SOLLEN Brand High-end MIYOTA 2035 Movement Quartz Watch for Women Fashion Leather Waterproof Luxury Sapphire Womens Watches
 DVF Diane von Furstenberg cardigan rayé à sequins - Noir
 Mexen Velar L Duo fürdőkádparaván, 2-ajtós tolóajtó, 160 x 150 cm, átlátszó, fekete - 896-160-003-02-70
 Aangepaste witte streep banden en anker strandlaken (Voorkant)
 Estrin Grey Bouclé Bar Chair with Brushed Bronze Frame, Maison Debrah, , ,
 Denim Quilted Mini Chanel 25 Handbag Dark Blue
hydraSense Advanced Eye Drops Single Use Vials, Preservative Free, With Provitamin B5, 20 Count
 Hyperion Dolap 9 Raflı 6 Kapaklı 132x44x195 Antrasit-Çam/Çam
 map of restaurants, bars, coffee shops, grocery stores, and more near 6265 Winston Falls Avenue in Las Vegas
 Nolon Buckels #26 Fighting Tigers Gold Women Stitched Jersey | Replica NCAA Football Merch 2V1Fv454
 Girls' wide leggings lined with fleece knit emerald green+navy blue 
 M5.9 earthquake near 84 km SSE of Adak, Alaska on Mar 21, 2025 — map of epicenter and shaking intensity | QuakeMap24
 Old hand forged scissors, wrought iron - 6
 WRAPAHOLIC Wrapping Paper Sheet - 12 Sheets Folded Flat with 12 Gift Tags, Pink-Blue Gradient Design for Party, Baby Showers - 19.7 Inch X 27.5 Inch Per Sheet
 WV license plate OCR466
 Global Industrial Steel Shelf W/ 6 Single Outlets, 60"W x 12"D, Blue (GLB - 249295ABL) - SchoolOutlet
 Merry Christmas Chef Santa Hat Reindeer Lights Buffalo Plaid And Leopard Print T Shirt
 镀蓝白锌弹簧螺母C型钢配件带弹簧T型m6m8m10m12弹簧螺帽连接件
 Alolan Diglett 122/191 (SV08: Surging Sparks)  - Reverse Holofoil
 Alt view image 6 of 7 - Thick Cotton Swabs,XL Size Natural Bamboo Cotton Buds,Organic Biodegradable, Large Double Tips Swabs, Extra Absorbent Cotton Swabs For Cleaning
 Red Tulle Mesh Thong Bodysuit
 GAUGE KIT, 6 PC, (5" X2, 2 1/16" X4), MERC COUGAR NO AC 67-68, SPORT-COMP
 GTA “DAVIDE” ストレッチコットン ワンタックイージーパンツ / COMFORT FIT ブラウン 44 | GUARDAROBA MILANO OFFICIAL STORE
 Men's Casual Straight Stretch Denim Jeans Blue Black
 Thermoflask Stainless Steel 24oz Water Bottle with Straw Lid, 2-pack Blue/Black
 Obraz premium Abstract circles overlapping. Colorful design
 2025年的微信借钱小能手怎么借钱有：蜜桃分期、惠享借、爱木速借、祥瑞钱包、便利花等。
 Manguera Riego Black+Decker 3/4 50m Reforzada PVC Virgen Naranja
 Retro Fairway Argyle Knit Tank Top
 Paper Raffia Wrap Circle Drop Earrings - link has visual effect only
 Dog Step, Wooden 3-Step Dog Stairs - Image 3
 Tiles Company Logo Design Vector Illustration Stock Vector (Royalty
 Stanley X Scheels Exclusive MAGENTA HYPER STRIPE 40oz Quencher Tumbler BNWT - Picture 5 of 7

=====

### Exercise description
Quote the records above exactly, from the first line through the line containing "Mexen Velar L", and nothing more.

### Written reply
SOLLEN Brand High-end MIYOTA 2035 Movement Quartz Watch for Women Fashion Leather Waterproof Luxury Sapphire Womens Watches
 DVF Diane von Furstenberg cardigan rayé à sequins - Noir
 Mexen Velar L Duo fürdőkádparaván, 2-ajtós tolóajtó, 160 x 150 cm, átlátszó, fekete - 896-160-003-02-70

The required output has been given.